Die vererbende Generation zurrt steuerlich getriebene Konzepte zusammen, angeblich zum Wohl der Nachfolgegeneration, und kommt sich dabei richtig clever vor. Dabei bemerken die Altvorderen nicht, wie die künftigen Erben mit geballter Faust in der Tasche nur darauf warten, endlich an den Drücker zu kommen, um das ganze Steuermodell zu kippen. So sind Firmenverkäufe, die man an sich vermeiden wollte, quasi programmiert. Ich kann Ihnen versichern: Akquisitorische Investmentbanker haben da ganze „Sterbelisten“ wichtiger Firmenanteilseigner angelegt und verfolgen die Todesanzeigen sehr genau. Die Uhr tickt.
Schon am 8. Februar 2016 habe ich in meiner Kolumne unter dem Titel: „Wie Sie Ihre Kinder auf ein großes Erbe vorbereiten“ auf die viel tiefer gehende Komplexität des Erbvorgangs hingewiesen. In dem Beitrag habe ich näher ausgeführt, wie die Erbengeneration fachlich und moralisch mit Systematik auf ein bevorstehendes Erbe vorzubereiten ist.
Heute geht es mir um die Verantwortung der Erblasser, also der Menschen, die darüber zu entscheiden haben, wie mit Ihrem Erbe eines Tages zu verfahren ist. Dazu möchte ich Ihnen einige einfache Tipps geben, mit denen Sie Konflikte unter Ihren Erben von vornherein im Keim ersticken können:
Erstens: Hinterlassen Sie keinerlei „Baustellen“.

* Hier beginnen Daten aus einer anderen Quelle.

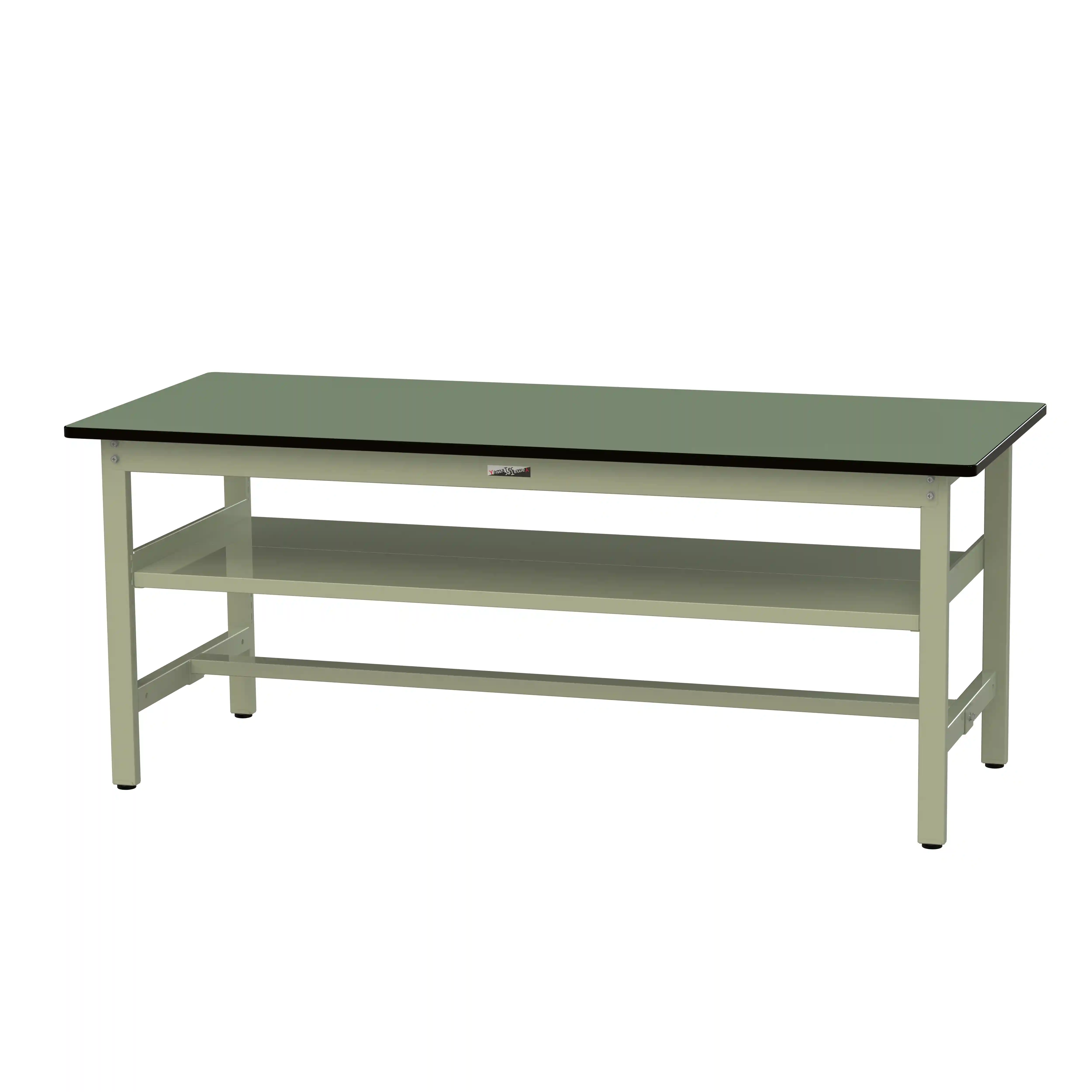 500シリーズ 固定式 中間棚付 H740mm(上段全面棚板)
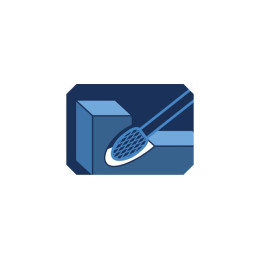 Борфреза твердосплавная тип E 12x20мм EXPERT STARTUL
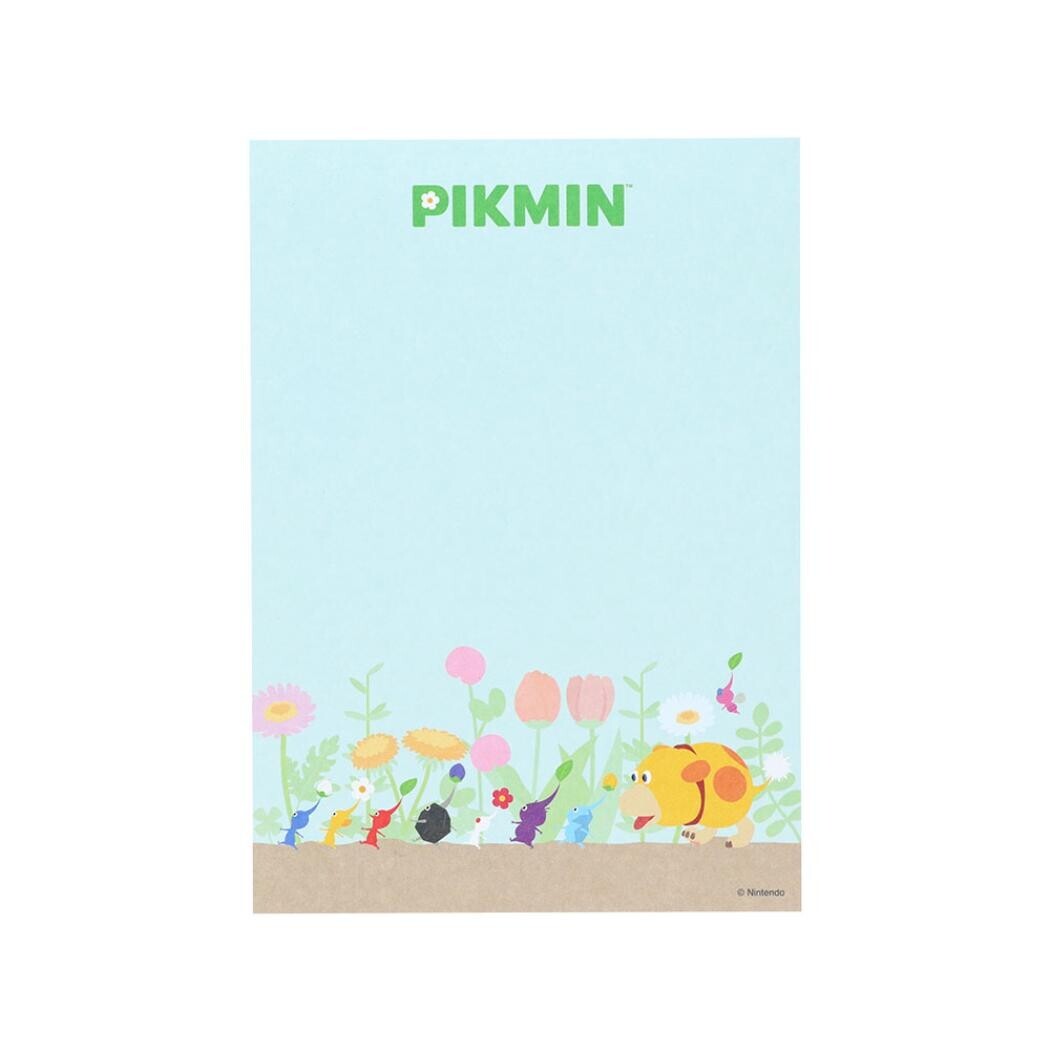 Nintendo Pikmin A6 Notebook (Light Blue)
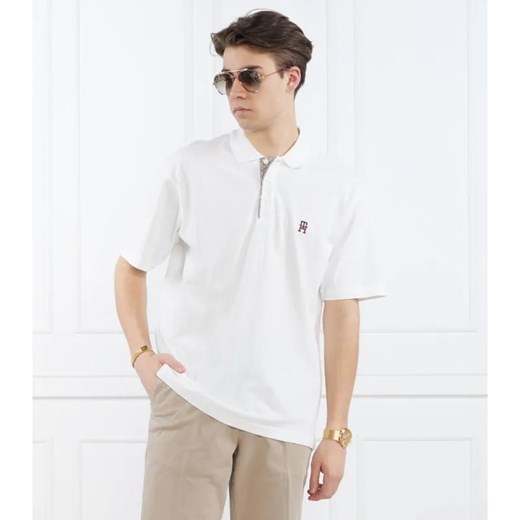 Tommy Hilfiger Polo MONOGRAM PLACKET ARCHIV | Loose fit ze sklepu Gomez Fashion Store w kategorii T-shirty męskie - zdjęcie 184353598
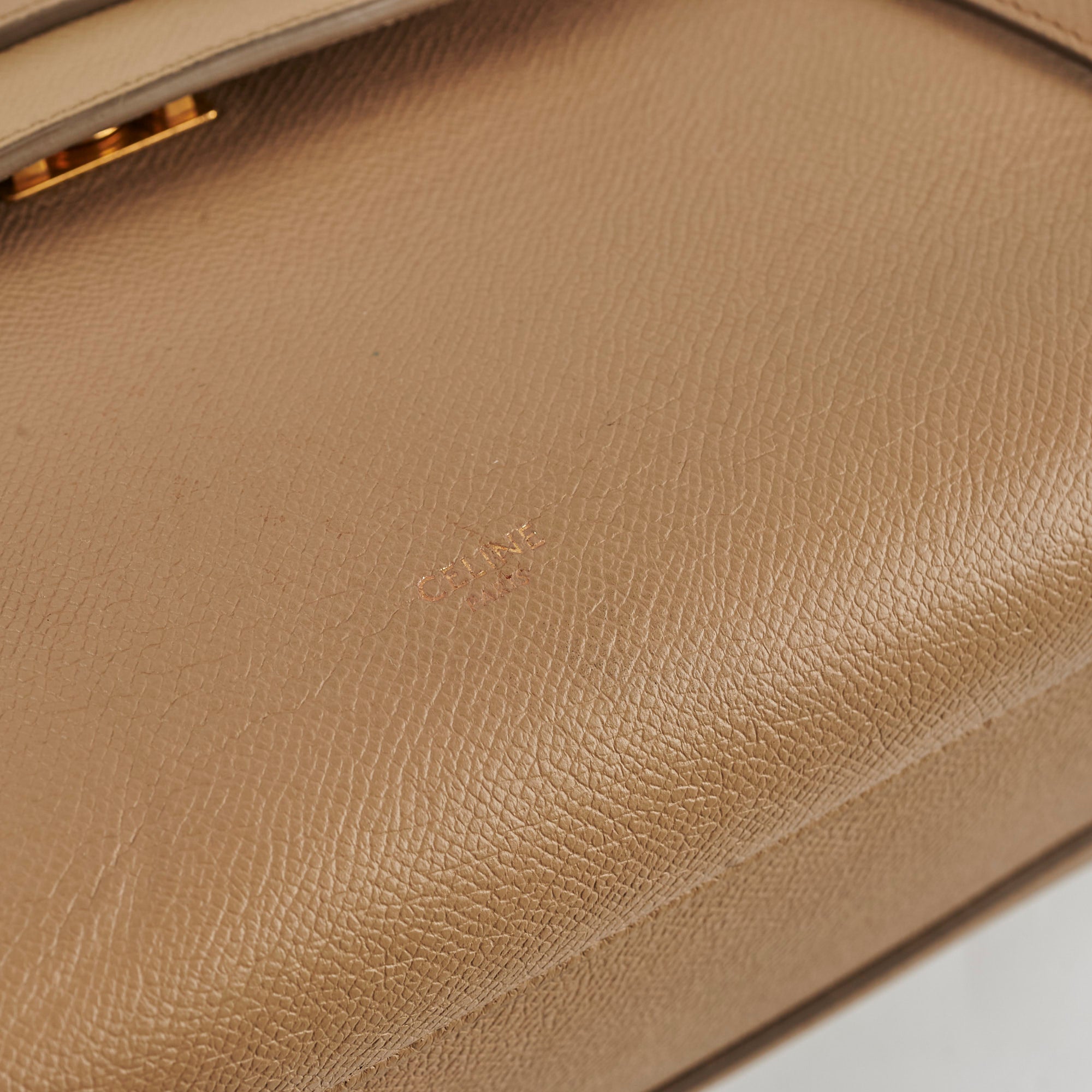 Celine Micro Belt Bag in Beige | Luxury Crossbody Handbag for Women | Perfect for Work, Travel & Everyday Use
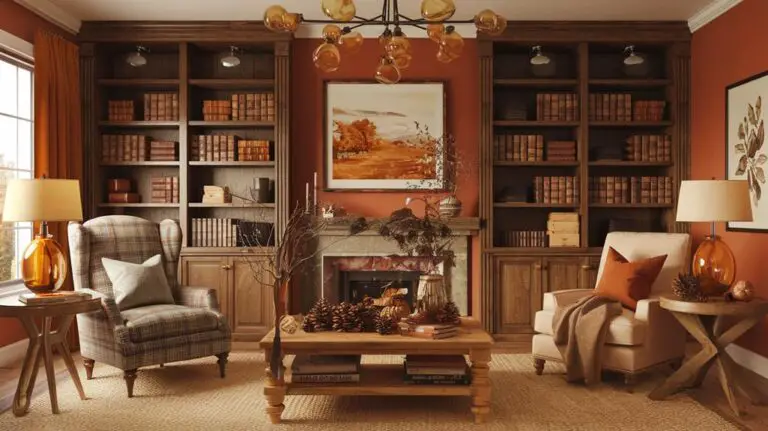 nostalgic 90s fall decor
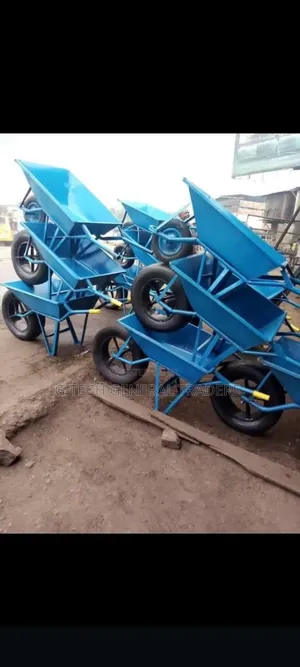 Heavy Duty Juakali Made Multipurpose Wheelbarrow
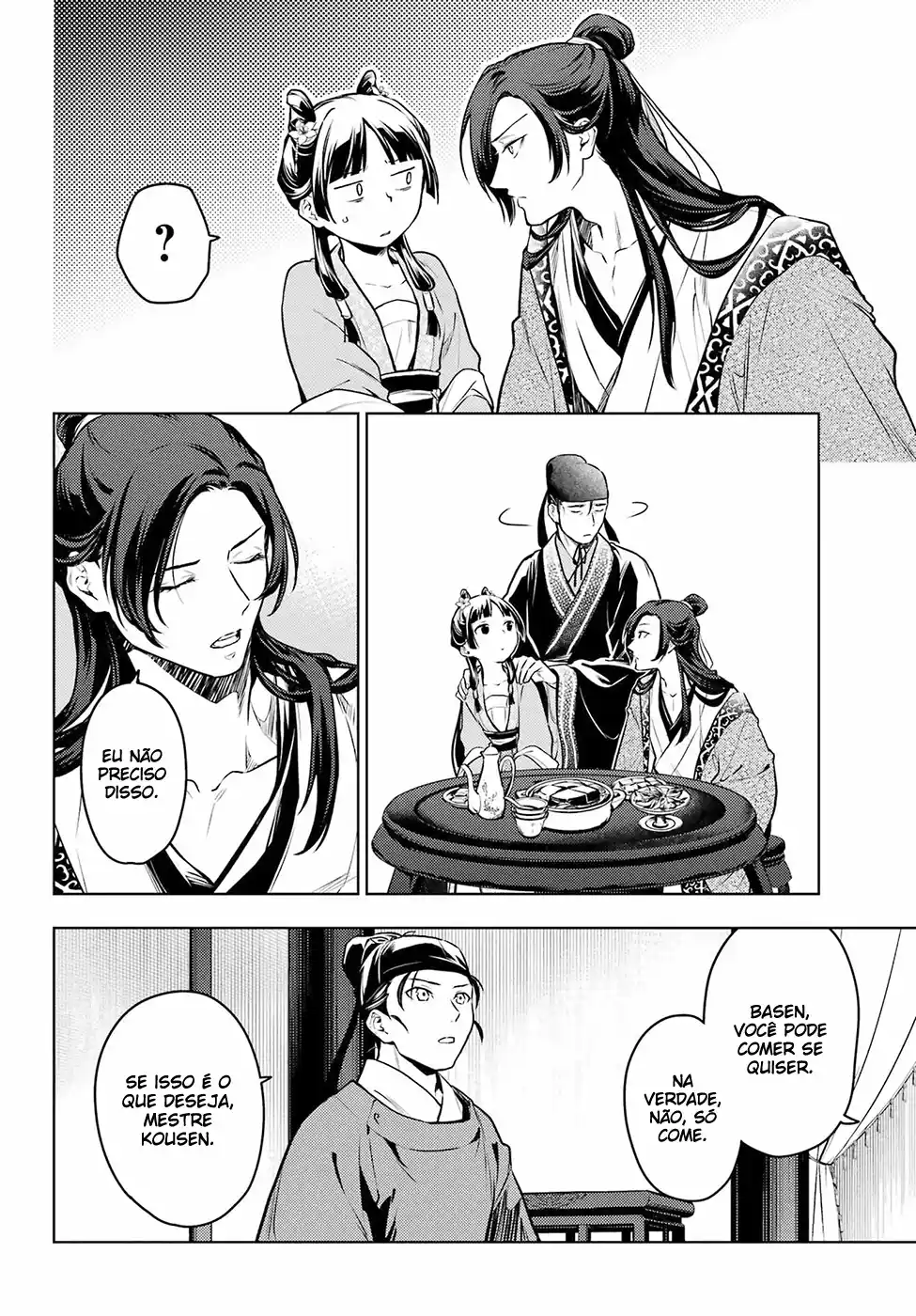 Read The Apothecary Diaries PT Manga Online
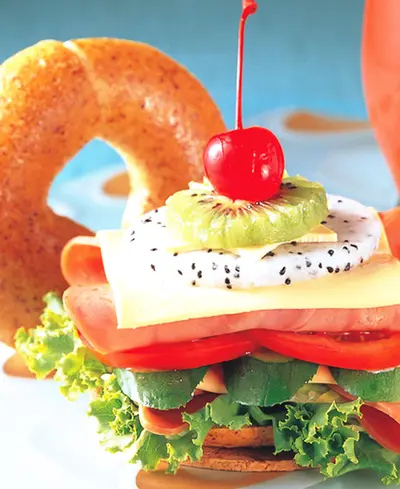 N.Y總匯Bagel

Es ist leider an der Tagesordnung, dass aus Bequemlichkeit unangenehme Geschichten, wie Rechtsstreitigkeiten, gutachterliche Bewertungen oder ungelöste Konflikte unter Firmengesellschaftern oder -teilhabern auf die lange Bank geschoben werden. Aus meiner Sicht ist das unverantwortlich. Gerade in einer Zeit, in der viele Menschen in den Genuss eines hohen Alters kommen, haben immer mehr Erblasser die Chance, noch zu ihren Lebzeiten „reinen Tisch“ zu machen. Wenn es sich vermeiden lässt, sollte sich die vorangehende Generation die allergrößte Mühe geben, ihren Erben keine angebissenen oder faulen Äpfel zu übergeben.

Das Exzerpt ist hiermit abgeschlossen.